Well, I’m not sure I’m going to finish all of my goals for July to September. Somehow I got distracted by some miscellaneous challenges, and then I got really, really busy. I’m pretty sure I’m not going to finish all of South America by the end of this month. I may also not make my goals on the Nobel and Pulitzer lists. But at least I’m back on track a little. This little gem is from the 1001 Books list and is from Guyana, a small country near Brazil. I’ll put my little chart of my progress next, and then I’ll give you my review from Goodreads.
- Orange July
1 2 3
- Around the World: Africa:
1, 2Asia 1South America 1 23 4 5 6 Other countries 1 2 3 4
- 1001 Books
1 2 3 4 5 6 7 8 9 10 11 1213
- Great African Reads:
“Work, work, work, that’s the doom of your people isn’t it? Isn’t that why the English shipped millions of you over to the Caribbean? So how come you don’t hate them?”
“I’ve not really considered it that way… I just don’t…” I said, thinking of Professor Fenwick’s influence on me, his conscientious tuition and dedication to duty. How could I hate such a man, whatever culture he belonged to? A single act of kindness on his part had the power to erase a whole history of crime. “It’s the future that matters,” I continued, struggling to evolve a cogent answer, “I’m me, not a mask or movement of history. I’m not black, I’m an engineer.”
“That’s silly,” she continued immediately, “you can’t block yourself off from the past and sit daydreaming at the edge of the desert. That’s why I had to go back with Jack, that’s why I wanted him to find me even though I resented it. I walked away from the desert and returned to the English compound and began to fight. I really longed to be alone, colorless and invisible, but I couldn’t escape being English, I couldn’t escape being what I was. So I fought against myself. No more slushy reminiscences in the English Club about oak trees and cream teas back home. Of course the other women grew suspicious of me when I gave up bridge sessions and meetings to plan safari weekends. Jack made excuses for me, saying the heat had gone to my head, that I had become grumpy and solitary, but I didn’t care. What mattered was secretly teaching the African children about our dinosaur culture, however deeply we tried to bury it and make neat furrows and tranquil gardens in the earth above. Do you know that the best histories of England are being written by black scholars nowadays? Do you? Probably some of those very children I taught who have now grown up.” She snatched the glass from my hand and poured out more wine.
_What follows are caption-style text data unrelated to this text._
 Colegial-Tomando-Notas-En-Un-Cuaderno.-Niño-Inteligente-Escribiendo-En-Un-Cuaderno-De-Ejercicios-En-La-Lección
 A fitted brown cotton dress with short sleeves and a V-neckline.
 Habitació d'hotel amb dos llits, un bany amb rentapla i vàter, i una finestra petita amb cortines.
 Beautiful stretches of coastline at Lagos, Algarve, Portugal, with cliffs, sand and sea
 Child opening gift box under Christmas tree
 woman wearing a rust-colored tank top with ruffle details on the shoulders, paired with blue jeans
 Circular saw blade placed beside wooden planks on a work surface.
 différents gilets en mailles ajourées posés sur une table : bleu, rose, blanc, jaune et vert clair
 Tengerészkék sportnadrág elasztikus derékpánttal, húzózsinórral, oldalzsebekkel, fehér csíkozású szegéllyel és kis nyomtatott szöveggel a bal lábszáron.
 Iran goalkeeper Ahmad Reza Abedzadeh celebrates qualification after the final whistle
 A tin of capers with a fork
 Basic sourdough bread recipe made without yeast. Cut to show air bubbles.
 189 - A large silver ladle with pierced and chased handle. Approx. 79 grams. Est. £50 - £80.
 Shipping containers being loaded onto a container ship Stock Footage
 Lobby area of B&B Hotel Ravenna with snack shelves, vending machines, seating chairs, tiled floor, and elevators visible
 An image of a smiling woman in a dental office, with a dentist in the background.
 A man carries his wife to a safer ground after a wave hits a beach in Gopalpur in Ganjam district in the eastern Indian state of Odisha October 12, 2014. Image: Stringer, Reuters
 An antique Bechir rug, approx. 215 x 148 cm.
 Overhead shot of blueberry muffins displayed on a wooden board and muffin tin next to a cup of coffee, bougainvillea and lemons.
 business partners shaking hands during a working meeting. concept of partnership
I noticed the trace of froth at the corner of her mouth. She’d worked herself up into a passion. I began to appreciate the reason for Jack’s absence. He had not abandoned her, he had run away! She was too formidable for him, so he fled. All his fantasies of blood and sex were nothing compared to the knowledge of horror she possessed and was determined to proclaim. “You don’t know much about our history or yours,” she said, resuming her attack. “Have you ever thought that the engineering you’re versed in is all derived from us? That we’ve made you so whiter than white that whatever fear and hatred you should feel for us is covered over completely?”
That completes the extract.